Soledad, tierra muerta donde las voces parecen sujetarse al último respiro; ecos que van golpeando puertas, caminos en los cuales la miseria es reflejo de bondades pasadas; tragedia y oscuridad: Comala, espacio que destila la sangre del cuerpo, memoria que resiste a perderse, hogar de Pedro Páramo.

De esta manera, Juan Rulfo imaginó cada uno de los escenarios que dieron forma a la novela más influyente del siglo pasado, misma que a la fecha resulta imposible exhumarla de la memoria colectiva del mexicano. Por ello, más que comprenderla el lector se atreve a sentirla, “dolerla” sin remordimientos.

Precisamente “Pedro Páramo” es motivo de estudios que complementan su visión, tan actual que se aproxima a la realidad nuestra, encumbrada en diálogos casi perfectos que diagraman una forma de pensar específica que transita entre la religión y su pago de dádivas.
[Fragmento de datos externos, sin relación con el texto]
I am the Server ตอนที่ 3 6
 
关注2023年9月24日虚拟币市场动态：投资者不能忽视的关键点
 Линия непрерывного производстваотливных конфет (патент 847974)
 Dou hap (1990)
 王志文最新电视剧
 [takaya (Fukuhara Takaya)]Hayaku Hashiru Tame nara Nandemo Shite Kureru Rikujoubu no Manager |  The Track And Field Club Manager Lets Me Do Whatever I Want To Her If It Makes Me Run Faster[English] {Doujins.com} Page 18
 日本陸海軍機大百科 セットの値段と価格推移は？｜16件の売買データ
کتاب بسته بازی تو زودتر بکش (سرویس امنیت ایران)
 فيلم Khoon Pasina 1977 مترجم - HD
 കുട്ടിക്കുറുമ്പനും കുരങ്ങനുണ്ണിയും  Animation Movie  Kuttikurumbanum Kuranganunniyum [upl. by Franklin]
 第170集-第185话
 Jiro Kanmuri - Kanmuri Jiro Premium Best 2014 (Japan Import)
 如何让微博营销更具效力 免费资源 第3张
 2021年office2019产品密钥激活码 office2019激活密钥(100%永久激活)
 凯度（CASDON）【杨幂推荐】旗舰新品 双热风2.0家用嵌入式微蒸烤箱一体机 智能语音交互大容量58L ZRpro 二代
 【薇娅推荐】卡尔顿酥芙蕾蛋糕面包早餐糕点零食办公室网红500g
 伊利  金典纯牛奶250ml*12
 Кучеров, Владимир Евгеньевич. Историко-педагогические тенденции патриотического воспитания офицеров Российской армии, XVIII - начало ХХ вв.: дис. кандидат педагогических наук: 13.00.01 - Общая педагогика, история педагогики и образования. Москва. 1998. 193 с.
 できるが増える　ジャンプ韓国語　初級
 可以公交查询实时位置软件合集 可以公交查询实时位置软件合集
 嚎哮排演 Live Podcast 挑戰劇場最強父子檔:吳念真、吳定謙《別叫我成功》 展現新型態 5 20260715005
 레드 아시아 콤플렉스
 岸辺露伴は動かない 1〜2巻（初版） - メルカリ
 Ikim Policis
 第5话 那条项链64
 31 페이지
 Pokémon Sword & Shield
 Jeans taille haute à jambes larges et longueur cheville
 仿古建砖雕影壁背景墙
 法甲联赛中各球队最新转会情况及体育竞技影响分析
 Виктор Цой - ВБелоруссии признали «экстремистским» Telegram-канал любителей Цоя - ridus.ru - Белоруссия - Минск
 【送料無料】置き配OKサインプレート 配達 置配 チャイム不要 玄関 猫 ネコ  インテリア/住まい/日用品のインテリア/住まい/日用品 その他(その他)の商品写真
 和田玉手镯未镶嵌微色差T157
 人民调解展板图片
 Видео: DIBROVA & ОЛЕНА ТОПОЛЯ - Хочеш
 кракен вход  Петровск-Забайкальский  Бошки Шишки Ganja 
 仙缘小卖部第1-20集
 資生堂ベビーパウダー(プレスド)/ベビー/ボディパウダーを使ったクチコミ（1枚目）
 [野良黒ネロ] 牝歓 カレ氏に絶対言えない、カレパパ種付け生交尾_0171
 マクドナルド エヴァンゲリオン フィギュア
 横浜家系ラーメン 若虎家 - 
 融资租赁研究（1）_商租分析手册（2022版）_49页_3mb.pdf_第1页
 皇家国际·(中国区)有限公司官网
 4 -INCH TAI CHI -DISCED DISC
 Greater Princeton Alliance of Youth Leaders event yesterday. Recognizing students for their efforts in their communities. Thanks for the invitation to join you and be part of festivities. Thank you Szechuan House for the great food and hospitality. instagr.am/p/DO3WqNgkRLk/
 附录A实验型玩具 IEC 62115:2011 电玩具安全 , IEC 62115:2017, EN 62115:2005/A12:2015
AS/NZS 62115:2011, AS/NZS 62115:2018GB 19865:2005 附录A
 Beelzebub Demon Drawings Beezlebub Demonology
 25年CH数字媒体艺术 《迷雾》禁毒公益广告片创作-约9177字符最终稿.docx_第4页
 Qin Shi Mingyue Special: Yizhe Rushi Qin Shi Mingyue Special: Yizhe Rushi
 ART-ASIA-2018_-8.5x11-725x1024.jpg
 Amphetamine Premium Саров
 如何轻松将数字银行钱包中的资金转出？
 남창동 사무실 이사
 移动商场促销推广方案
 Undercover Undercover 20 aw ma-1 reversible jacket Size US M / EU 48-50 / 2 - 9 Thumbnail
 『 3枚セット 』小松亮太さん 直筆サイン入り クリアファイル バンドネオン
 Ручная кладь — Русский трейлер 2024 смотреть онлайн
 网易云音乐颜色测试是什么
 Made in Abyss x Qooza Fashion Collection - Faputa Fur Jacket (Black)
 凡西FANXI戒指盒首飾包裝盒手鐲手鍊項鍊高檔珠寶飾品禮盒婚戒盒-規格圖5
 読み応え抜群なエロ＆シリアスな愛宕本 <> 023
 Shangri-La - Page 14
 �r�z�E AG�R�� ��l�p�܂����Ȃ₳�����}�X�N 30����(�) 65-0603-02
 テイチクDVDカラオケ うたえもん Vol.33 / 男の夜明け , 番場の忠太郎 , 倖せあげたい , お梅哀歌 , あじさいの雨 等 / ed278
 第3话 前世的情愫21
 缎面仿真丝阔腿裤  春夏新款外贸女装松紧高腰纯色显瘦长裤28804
No obstante, enumera el clamor por justicia, espejo del poder gobernante que decide la suerte de todos, vida de algunos cuantos. En esto radica su posibilidad de lectura, nunca queda al margen del sufrimiento, al contrario, lo delinea hasta ofrecerlo en su interpretación pura.

Incluso, encuentra senderos donde la indolencia se adueña de acciones y pensamientos, porque aún en pie la muerte sabe atender ruegos o maldiciones, no como justicia divina, sino mediante expresiones de venganza que llegan a la hora indicada.

Así, en “Pedro Páramo” se nutre el sentido del desarraigo, necesidad por conocer el origen, piedra angular del carácter y progenie familiar, de quien a oídas halla recuerdos de la madre, Juan Preciado, quien termina por cumplir deseos ajenos con sus consecuencias en aquella Comala, sepulcro de muchos, tormento innecesario.

En este sentido, los personajes traen a cuentas pecados que habrán de pagarse una y otra vez cuando la noche cae, sin vientos que los dispersen, ahogados en la garganta por calores consumiendo la piel sin un tiempo lineal, instrumento narrativo que otros novelistas –Jorge Luis Borges, José Revueltas, Carlos Fuentes, Gabriel García Márquez, por citar algunos– emplearon.

Precisamente, el tiempo es factor, lo transgrede a conveniencia, hurgando en sus entrañas, lo mismo al presente mutilado –agonía repetida– que al pasado frondoso, sinónimo del México posrevolucionario que se preparaba para la lucha de la fe, la Guerra Cristera; sin embargo, por convención el futuro desaparece pues Comala se desbarata entre las manos.

Situada en el realismo mágico, “Pedro Páramo” fue publicado originalmente en 1955 gracias al apoyo de la beca del Centro Mexicano de Escritores, de la cual –un par de años antes– hacia 1953 Juan Rulfo se valió para dar a conocer “El llano en llamas”, serie de cuentos que fueron preámbulo en atmósfera de la novela.

Catalogada como una obra maestra que, de acuerdo con diversas ediciones, no supera las 130 páginas, de las que el mismo García Márquez supo indicar serán perdurables al igual que los clásicos griegos y latinos, hasta ser adaptada para el cine por Carlos Fuentes y dirigida por Carlos Velo entre 1966 y 1967.

Entre los actores destacaron Ignacio López Tarso, Pilar Pellicer, Julissa, Jorge Rivero y John Gavin, elenco que conquistó el Festival de Cannes, Francia, emblema de una producción aclimatada a exigencias culturales del momento y la proyectan como film de culto.

“Pedro Páramo” es producto del buen observador, quien sabe encontrar en miradas y labios secos el umbral del llanto, pesares arrastrados e infancias a contraluz, estadios de la propia condición humana que Juan Rulfo retrató en su faceta como fotógrafo, explorando paisajes, nubes y siluetas, racimos y desiertos.

Si en sus páginas se plasma lo más hiriente de vivir, en sus negativos surgen sombras que carecen de identidad, atemporales; edificios abandonados piedra sobre piedra sin Dios a quien pedir justicia, cruces sin venerar, símbolos de esperanzas que terminan siendo inmorales.

Al final, “Pedro Páramo” sí es un clásico mexicano  que, por desgracia, en no pocos despierta envidias, pero se mantiene presente gracias al uso crudo del lenguaje, descripciones latentes, semejantes a la realidad conocida y encuentros naturales con la muerte hasta atribuirle voces que despiertan para hacer notar su estancia en el mundo. Sí, todos somos Pedro Páramo, todos llevamos un Juan Preciado a flor de piel.